►

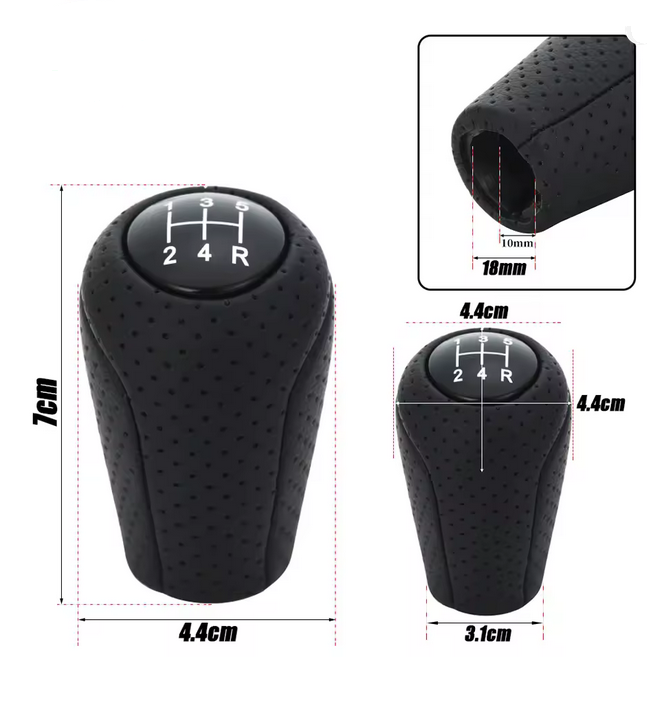 Mazda Váltógomb Mazda 3 5 6 CX-7 és MX-5 modellekhez - Image 2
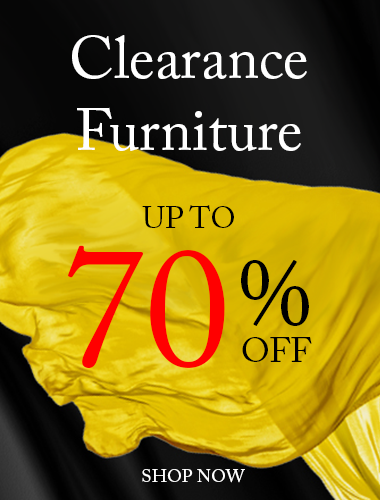 Up to 70% off Clearance Furniture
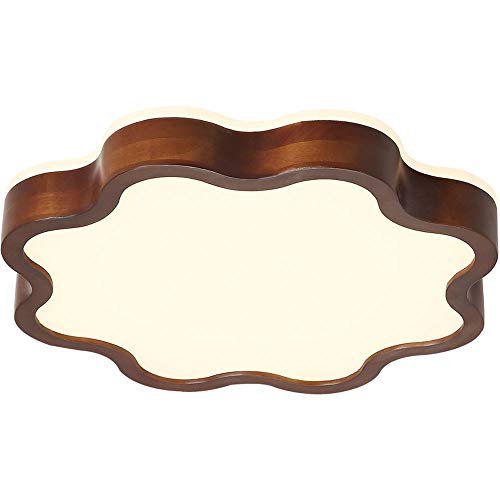Lustre LED pour chambre d'enfant plafonnier créatif lueur douce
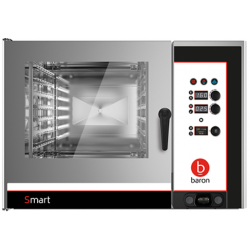 Cuptor profesional pe electric BARONBSEB072R Smart Boiler 19 kW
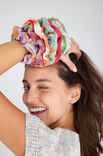 Lana Grossa HAARBAND Allora Hand-dyed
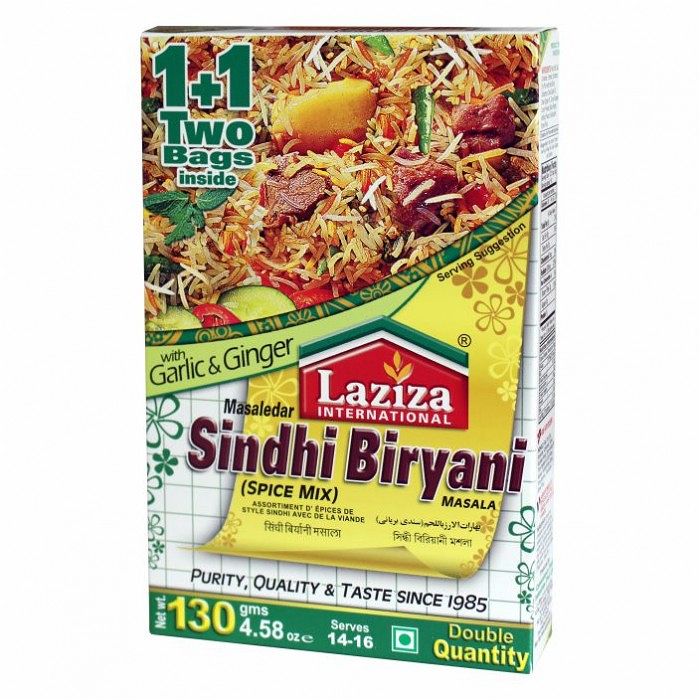 Laziza Sindhi Biryani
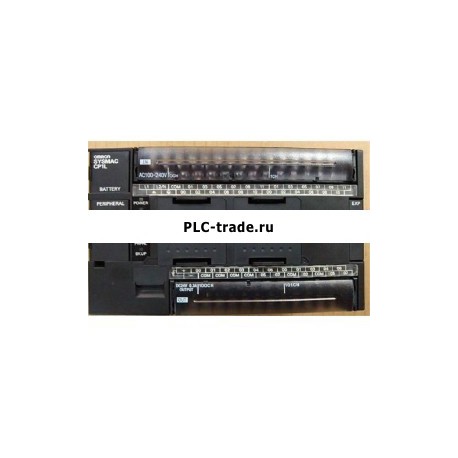 ПЛК AC220V  CP1L-M40DR-A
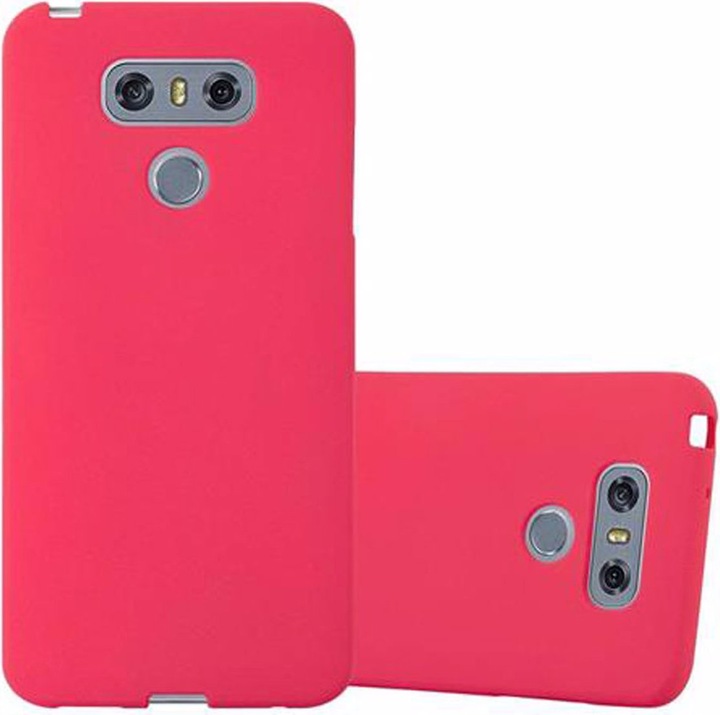 Actual product image Cadorabo TPU Frosted Cover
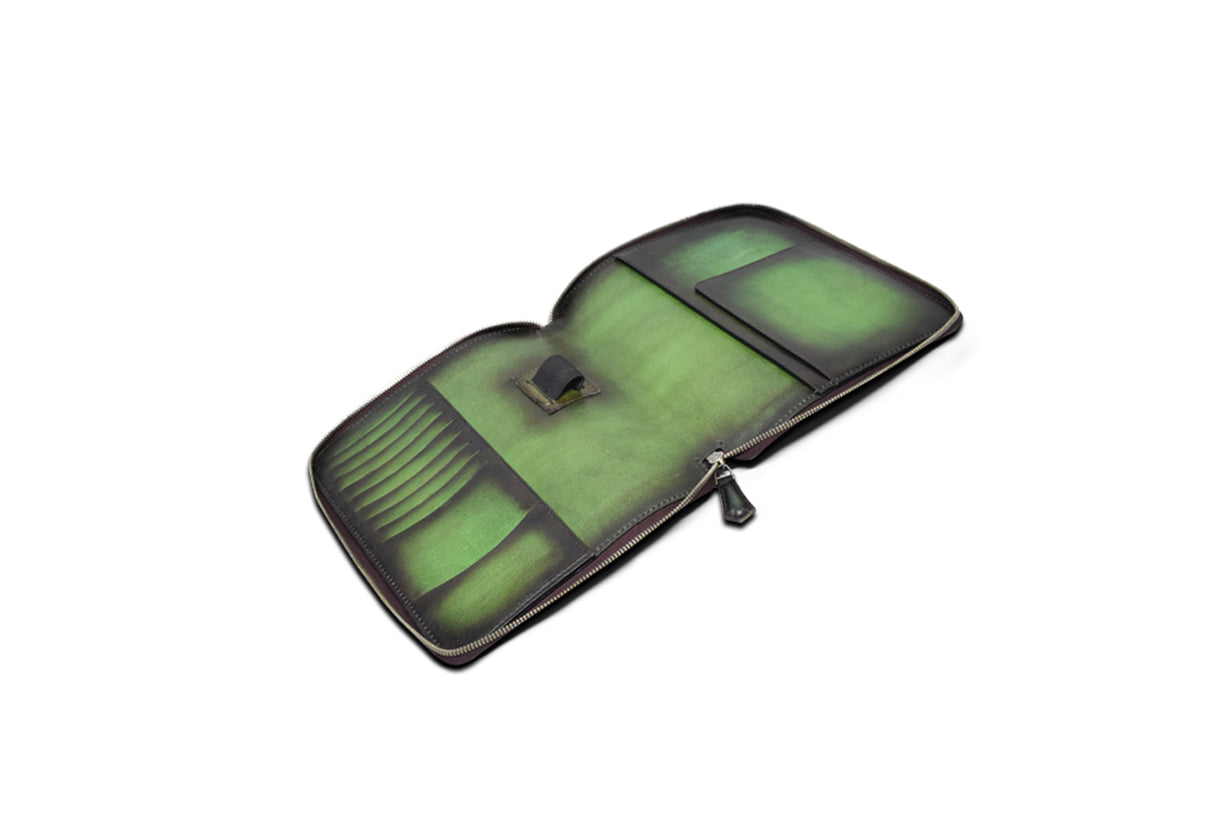 Padfolio Leather Diary Case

◄

DIRECTIONS » From the line that contains "Lana Grossa HAARBAND Allora Hand-dyed" to the final line of the entries, reproduce every line exactly, both ends included. Leave out all pictures.

TASK ANSWER »
 Lana Grossa HAARBAND Allora Hand-dyed
 Laziza Sindhi Biryani
 ПЛК AC220V  CP1L-M40DR-A
 Actual product image Cadorabo TPU Frosted Cover
 Padfolio Leather Diary Case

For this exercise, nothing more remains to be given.